Travellers have a long and perhaps interesting history, which we respect, but only as an intriguing outside curiosity, not as something which should come into our city. Travellers are different from us, they have their own employment and aren’t naturally part of our city, so the message seems to be.
Worse, speaking to the BBC, Green councillor Pete West told of the council’s desire to take a “firm but fair approach”. The council had “pragmaticaly” “tolerated” the current site but now Travellers will have to move them on (despite the lack of any alternative site as yet).

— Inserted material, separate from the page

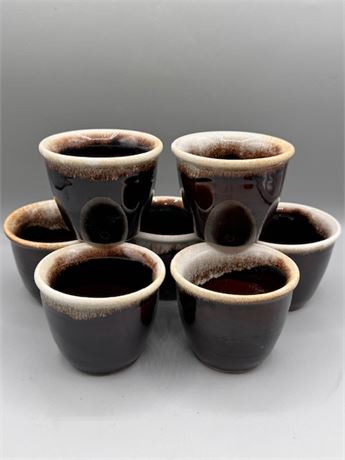 Vintage McCoy Brown Drip Pottery Cups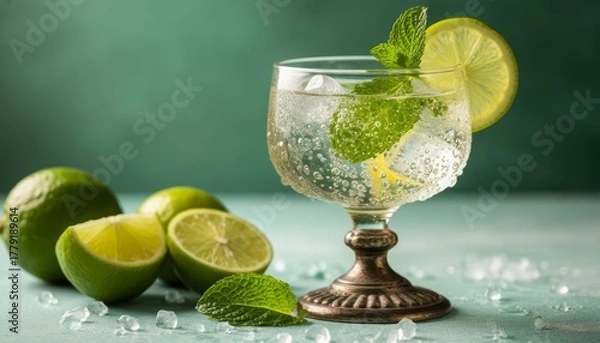 Obraz Refreshing cocktail with lime and mint in glass on green background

“It’s driving them into the city and using parks more and more, which is not acceptable for the local population”. The Travellers are not welcome in ‘our’ city, they are not part of ‘our’ community, they can exist, and go about their own culture, so long as it is kept away from us. The language of their traditional encampments being destroyed and them therefore being driven into the city is utterly dehumanising.
“Romaticised but despised”, as Garth Cartwright described Gypsy and Traveller culture, we allow ourselves to appreciate them from afar but support the most brutal display of state violence to uphold the law when our own peace seems threatened, directly or symbolically, even at a distance. To prevent the violent racism of the right, we aim to appear respectable, and moderate, and to institute a respectable and moderate racism of our own.
To end again with Zizek: “This vision of the detoxification of one’s neighbour suggests a clear passage from direct barbarism to barbarism with a human face.”